The award supports development of the MAGNILyser, a portable device designed to prepare patient samples for TB testing by heating bacteria, making them safe to handle, and then breaking them open to release their DNA, the material required for accurate molecular detection. Tuberculosis remains one of the world's deadliest infectious diseases, responsible for millions of infections and deaths annually.

The project is led by David Erickson, director of PORTENT and S.C. Thomas Sze Director of the Sibley School of Mechanical and Aerospace Engineering at Cornell Engineering. The work is conducted in collaboration with Saurabh Mehta, the Janet and Gordon Lankton Professor in the Division of Nutritional Sciences with the College of Human Ecology, and Dr. Aggrey S. Semeere, head of Prevention, Care and Treatment at the Infectious Diseases Institute (IDI) in Kampala, Uganda.

"Ideated by graduate student Jason Manning in the Erickson Lab, the MAGNILyser approach seeks to achieve both heat inactivation and mechanical lysis via a singular mechanism to reduce sample preparation to a portable, battery-powered device suitable for resource-limited settings," Erickson said.
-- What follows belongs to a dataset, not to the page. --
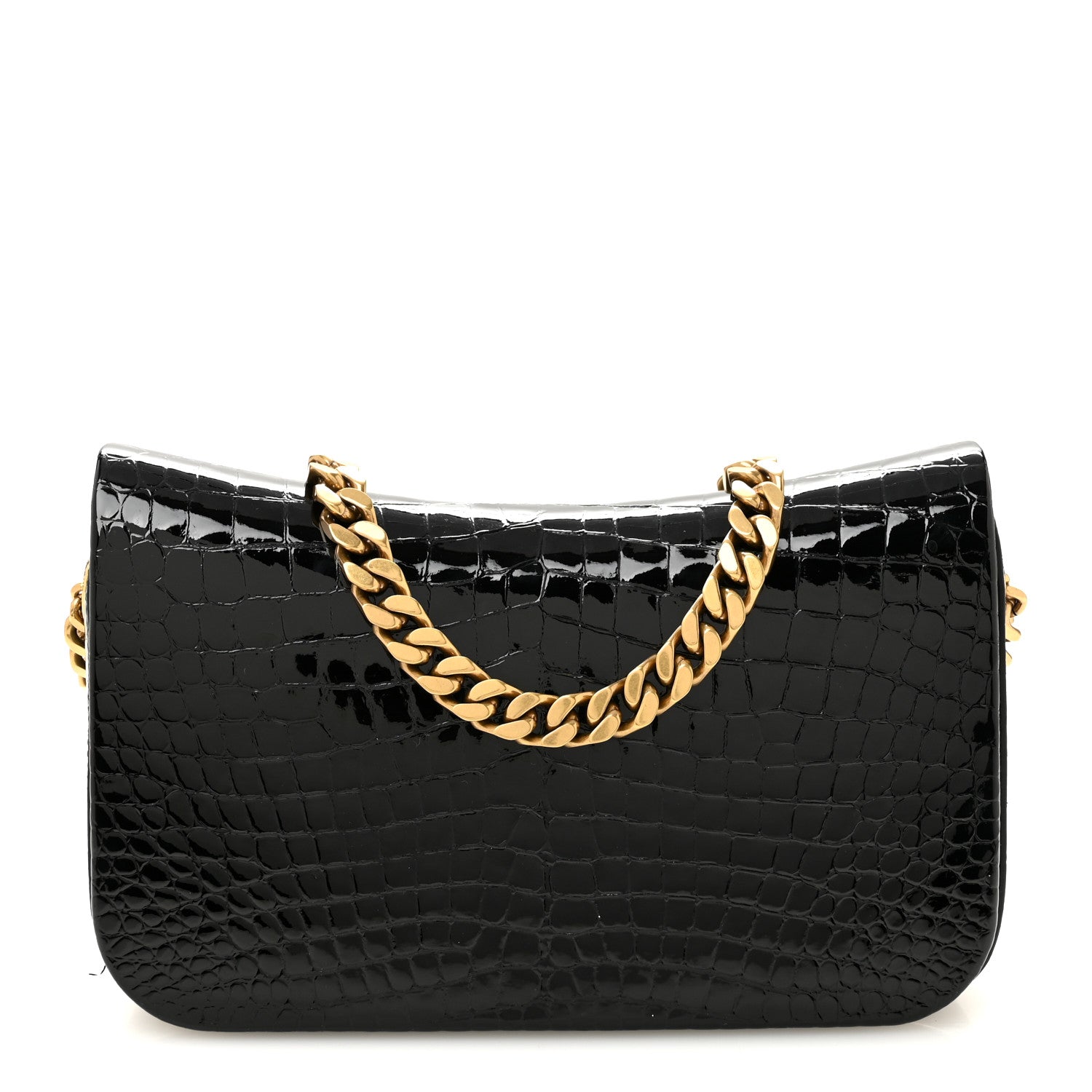 Saint Laurent Patent Calfskin Crocodile Embossed Elise Chain Shoulder Bag Black Black 1 of 11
Current testing for TB relies on large, energy-intensive equipment and trained personnel, limiting access in low- and middle-income countries. By miniaturizing and automating the most challenging step - sample preparation - the Cornell-led team aims to make accurate TB diagnosis more accessible in rural and underserved areas.

"The MAGNILyser enables on-site patient sample processing for decentralized testing in the rural and resource-limited settings where improved TB testing is needed most," Erickson said. "For clinicians, the device offers a low-cost, automated workflow to prepare PCR-ready specimens for faster diagnosis."

Over the two-year project period, Erickson and team will develop functional prototypes of the MAGNILyser at Cornell University and validate their performance through laboratory testing for inactivation efficiency, DNA yield, and reproducibility. Field usability and reliability testing will then be conducted in collaboration with the Infectious Diseases Institute (IDI) in Kampala, Uganda, to assess ease of use under real-world conditions.

With support from PORTENT's global network, connecting scientists, engineers and clinicians in Uganda, India, Ecuador and the United States, the project will also draw on the center's Lab-to-Market Accelerator for guidance on regulatory strategy and business planning to advance MAGNILyser from a lab prototype to a deployable diagnostic tool.

"The MAGNILyser project reflects PORTENT's commitment to global health innovation by advancing lab technology into a practical tool for real-world impact with a focus on use in low-resource and point-of-care settings," Erickson said. "By seeking to minimize both device and per-sample costs, MAGNILyser aims to provide access to diagnostics to the rural and low-income communities that are often left behind.

PORTENT translates breakthrough point-of-care diagnostics into rapid, affordable tests that reduce the burden of chronic disease, curb infectious threats, and strengthen prevention efforts across the United States. By integrating technology development with clinical validation, training, and lab-to-market programs, PORTENT accelerates earlier detection of conditions - from diabetes, heart disease to emerging infections - so providers can intervene sooner, patients stay healthier, and health care costs decline.